* **Data**
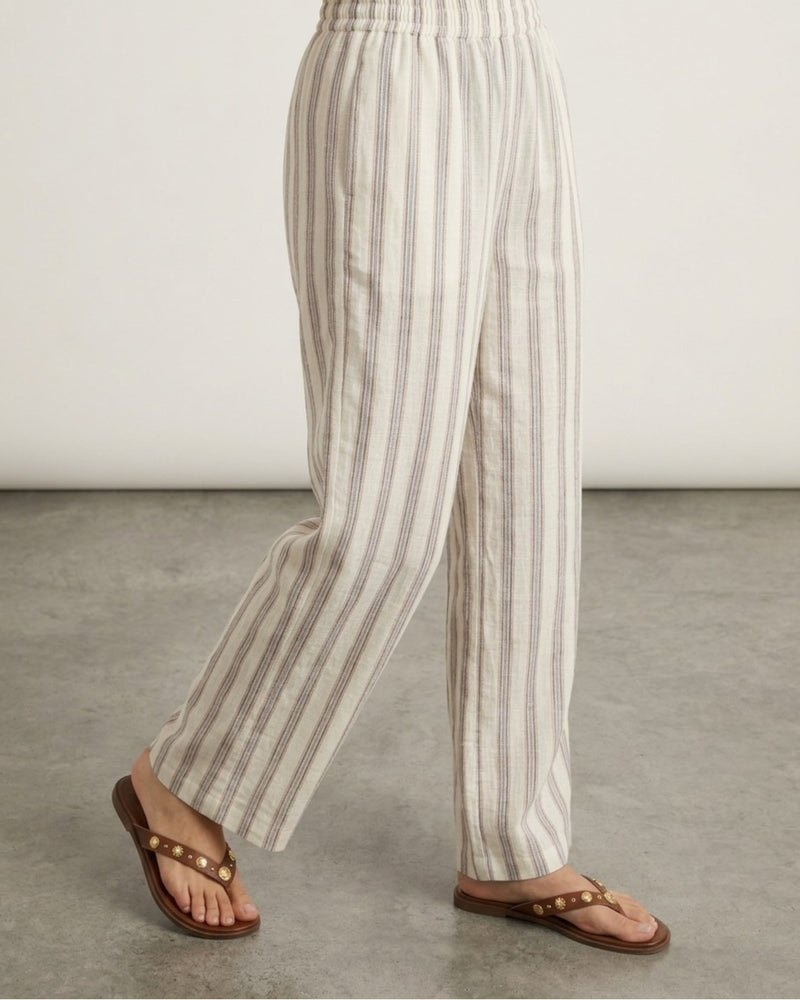 Oatmeal Stripe Wide-Leg Pants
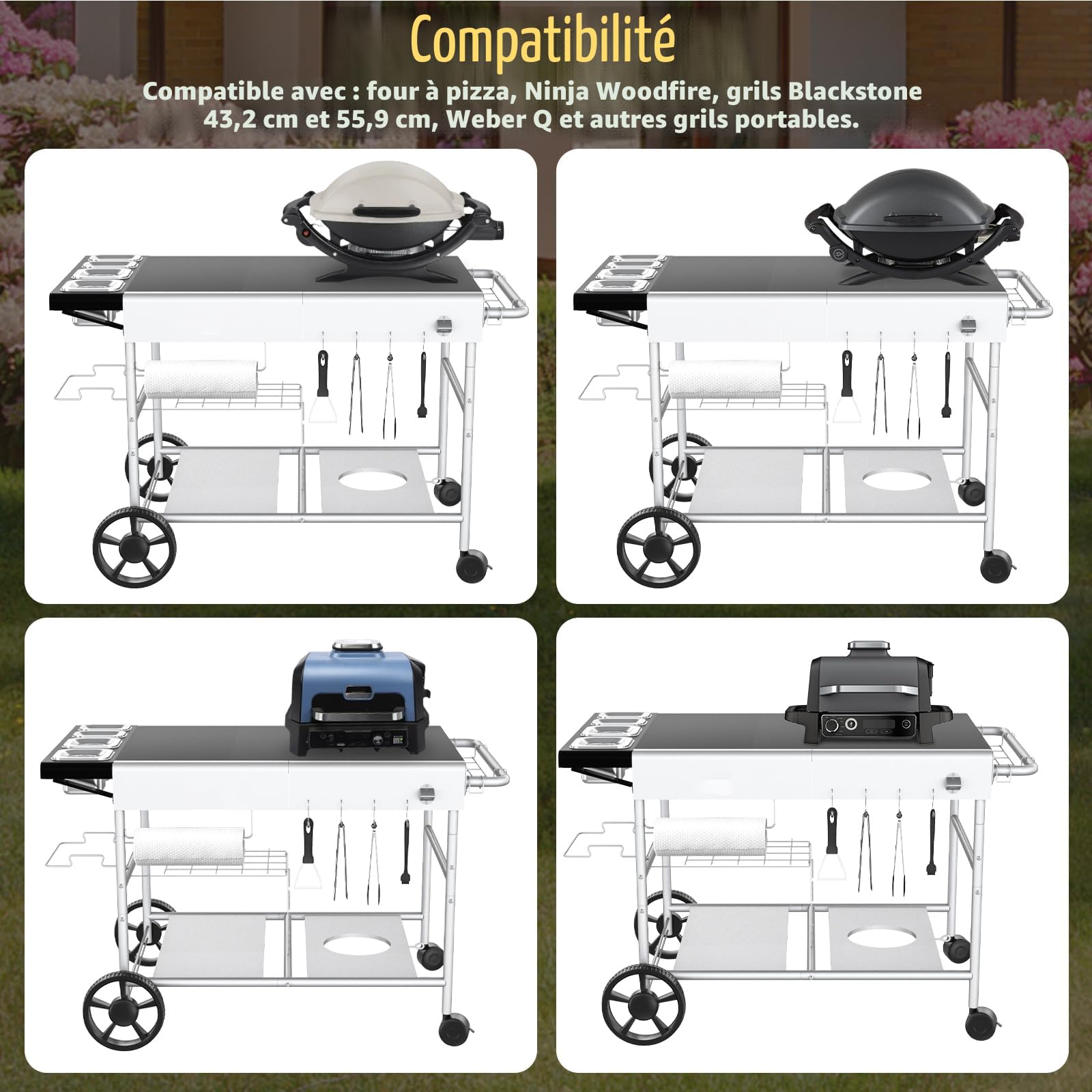Table de four à pizza Ooni Koda/Karu/Fyra 128 x 64 cm support mobile barbecue d'extérieur Blackstone Griddle Cuisinart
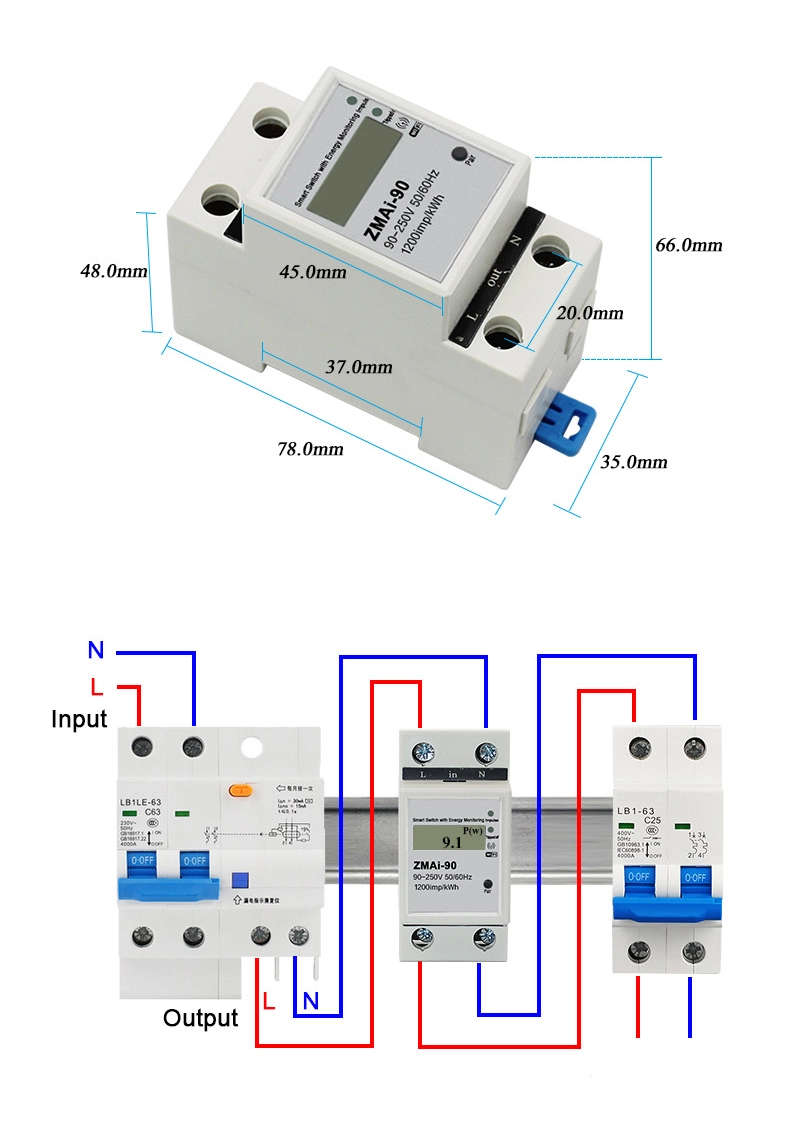 Smart Life Tuya WIFI 60A 240V Switch with Power Consumption Energy Monitoring Prepaid Meter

* **Task directions**
Only the pictures are dropped when you print the material; everything else is copied exactly.

* **Exercise output**
 Oatmeal Stripe Wide-Leg Pants
Table de four à pizza Ooni Koda/Karu/Fyra 128 x 64 cm support mobile barbecue d'extérieur Blackstone Griddle Cuisinart
 Smart Life Tuya WIFI 60A 240V Switch with Power Consumption Energy Monitoring Prepaid Meter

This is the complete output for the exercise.